To get around these problems, the CERN proposed to build its new mega-collister, which would be a much more powerful and larger version of the LHC. It would be built in two stages. The first would generate Higgs particles in large numbers in order to understand their essential role in the influence of other fundamental forces and appear online around 2040. Then, it would be reused after a few decades so that it can collide the protons to large energies and provide new data on the universe. This version would start operations around 2070.
However, the technology to speed up unrivaled energies proposed for the FCC does not yet exist. It is simply supposed that, in 40 years, it will have been developed. Such a hypothesis is worried about certain scientists, as well as the fact that the FCC will cost so much that he will see scientists in a device that would monopolize the funds for particles for decades.

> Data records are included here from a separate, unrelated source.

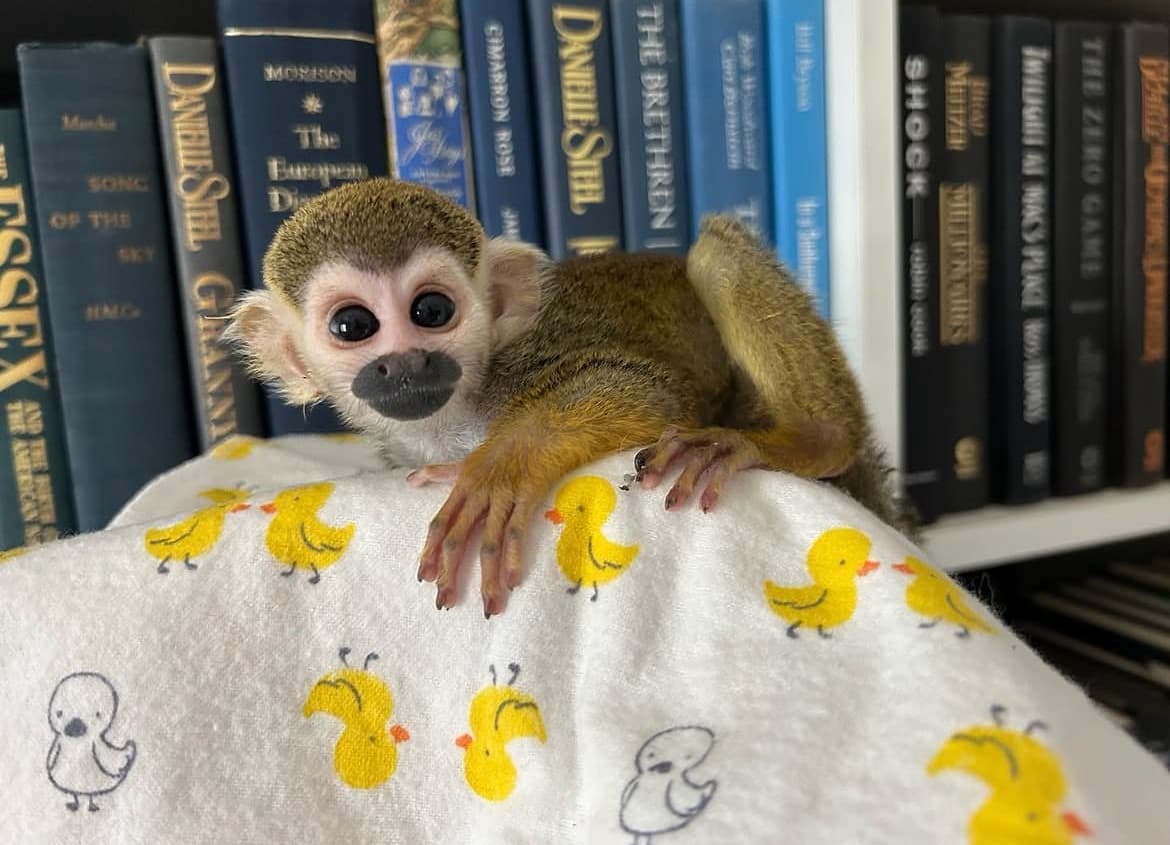 Sunny, a Squirrel Monkey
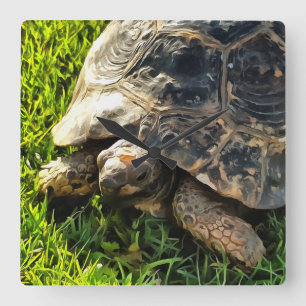 Horloge Carrée Tortue Sauvage Dans L'Herbe Pré Art De La Faune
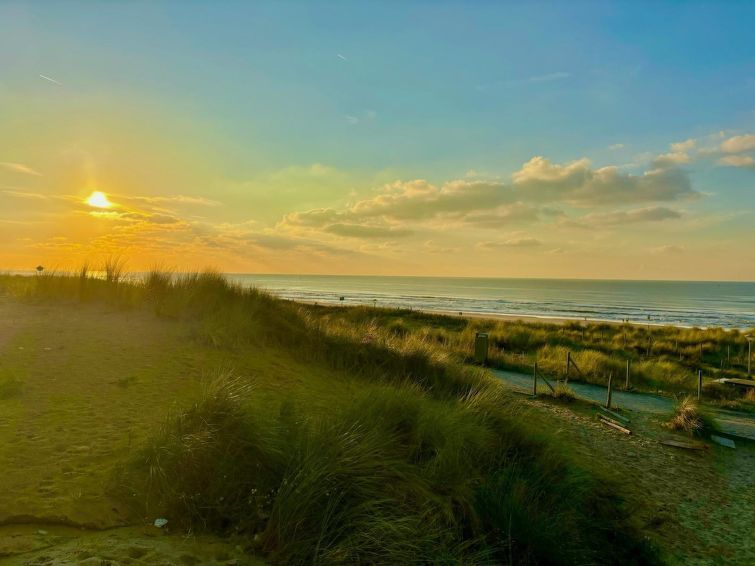 Horizon, Sea & Sun photo 5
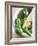 Basil, Garlic and Pine Nuts (Ingredients for Pesto)-null-Framed Photographic Print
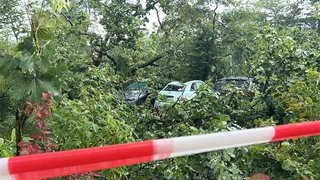 Umgestürzte Bäume in Karlsruhe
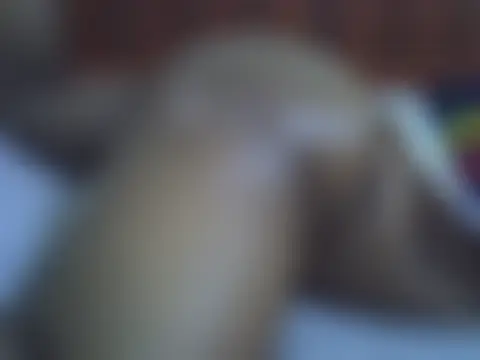 ebonyzoey 现场XXX聊天
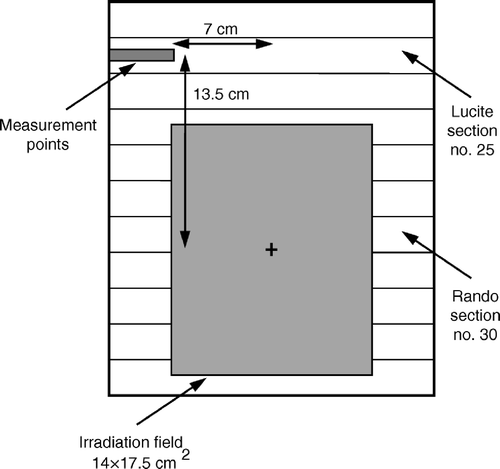 Figure 1.  Schematic diagram showing the measurement geometry. The Lucite section was drilled at the right side to allow the placement of an ionization chamber at points corresponding to ovarian positions.
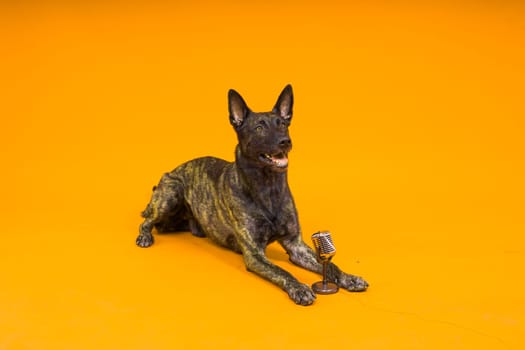 Singing puppy dog dutch shepherd with a microphone, isolated on red yellow studio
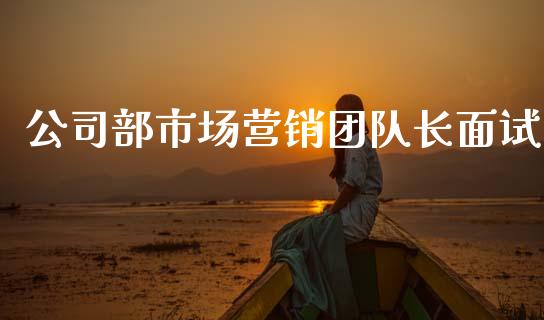 公司部市场营销团队长面试_https://m.jnlaobingbanjia.com_区块链_第1张
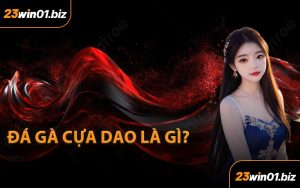 Đá gà cựa dao là gì?
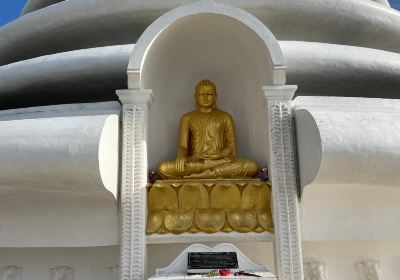 Japanese Peace Pagoda Rumassala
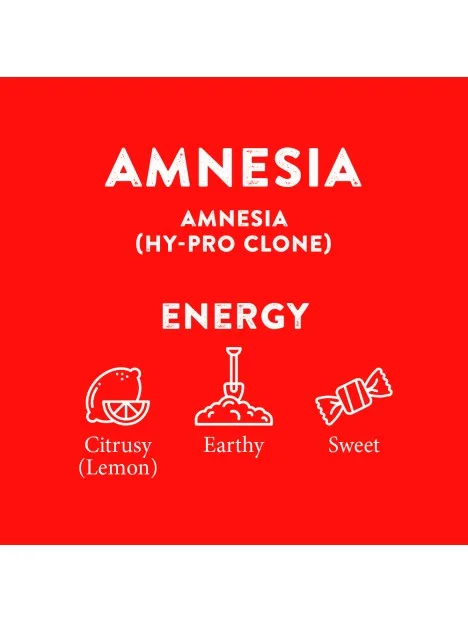 Amnesia CBD Distillate Cartridge 91% Cannabinoids 4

“What worries me the most is that by investing all this money, we will stop the development of other technologies because there will be no money for them. The FCC could soak up funds for years and years,” said Abramowicz, who rejected the idea of the mega-collier as “a toy” which could certainly not be guaranteed to repair the tables that exist in the Mega-collier.
Instead, researchers suggested that linear accelerators – who drew particles in a straight line – could prove to be cheaper, more flexible and more likely to obtain results than a circular collision. This point was supported by Jenny List, a researcher based in the German accelerator Deutsches Elektronen-Synchrotron (Desy) in Hamburg.
“There are other technologies on the horizon that could be used to accelerate particles like proton without the need for huge magnets or tunnels,” she said. “Plasma waves technology is one of them.
However, if the FCC received the green light, it could enclose funds for decades and end up dictating the direction that particles physics will have to take for a large part of the century, added list.
“We are going to say exactly the future generations what to do scientifically, and we must therefore wonder today: who must we decide what our grandchildren should look for and not seek?”